▸ WORK REQUEST:
Copy out the data from the line containing "felkod(フィルコッド)の「mpa4149- Bandana Print" to its last line, exactly. No pictures.

[Brief descriptive captions]
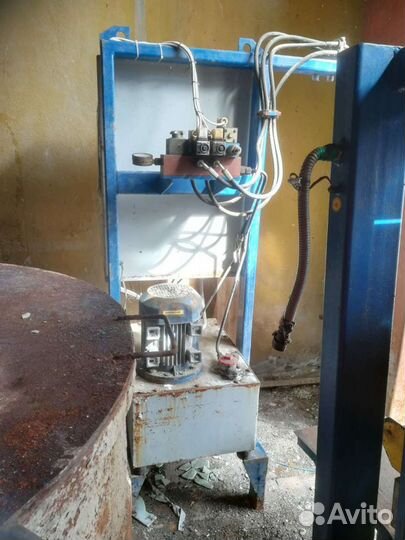 Станок для производства блоков стеновых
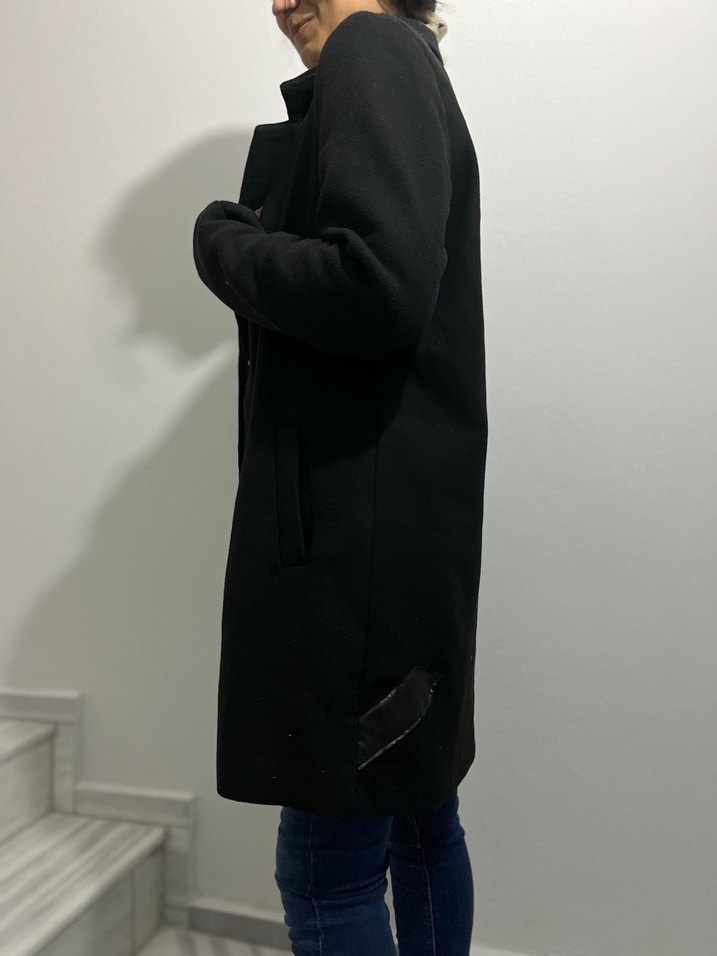 Siyah Uzun Kaban - Görsel 2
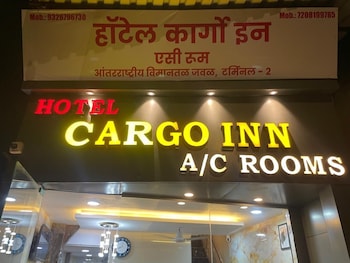 Hotel Cargo Inn,,2 star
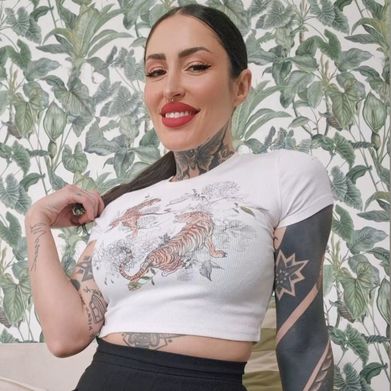 Lara Vega (lara_vega) Profile Photo Added 2024-12-07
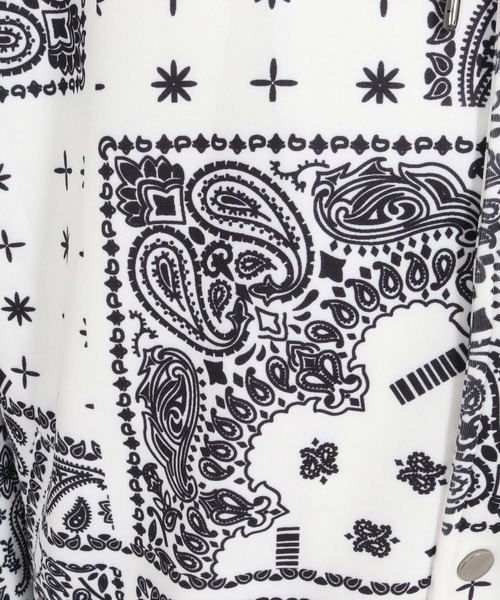 felkod(フィルコッド)の「mpa4149- Bandana Print Snap Front Scuba Hoodie スナップパーカー(F26A010)(パーカー・メンズ・ホワイト×ブラック/ブラック×ホワイト/ネイビー×ホワイト・S/M/L)」の6枚目の写真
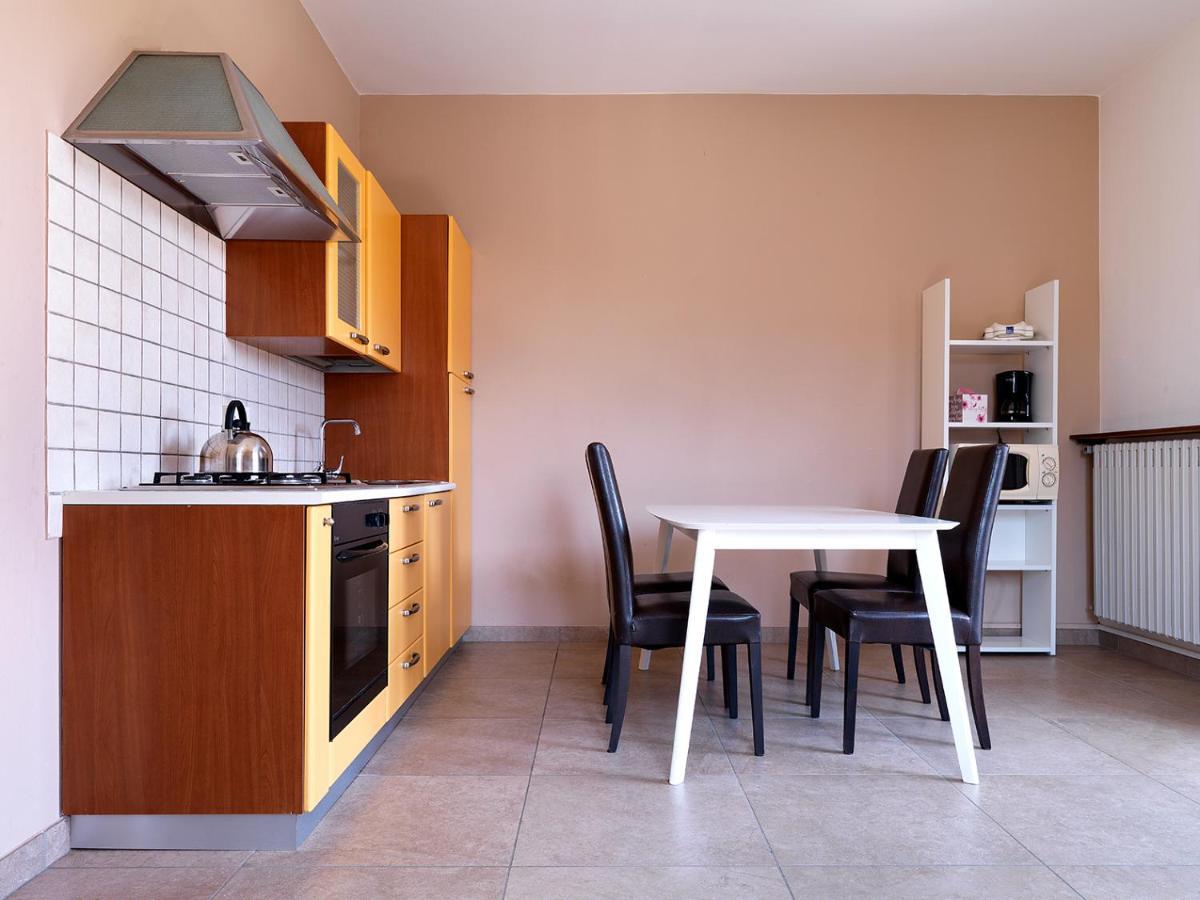 Residence Il Melograno มาแนร์บา เดล การ์ดา ภายนอก รูปภาพ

▸ RESULT FOR THIS TASK:
 felkod(フィルコッド)の「mpa4149- Bandana Print Snap Front Scuba Hoodie スナップパーカー(F26A010)(パーカー・メンズ・ホワイト×ブラック/ブラック×ホワイト/ネイビー×ホワイト・S/M/L)」の6枚目の写真
 Residence Il Melograno มาแนร์บา เดล การ์ดา ภายนอก รูปภาพ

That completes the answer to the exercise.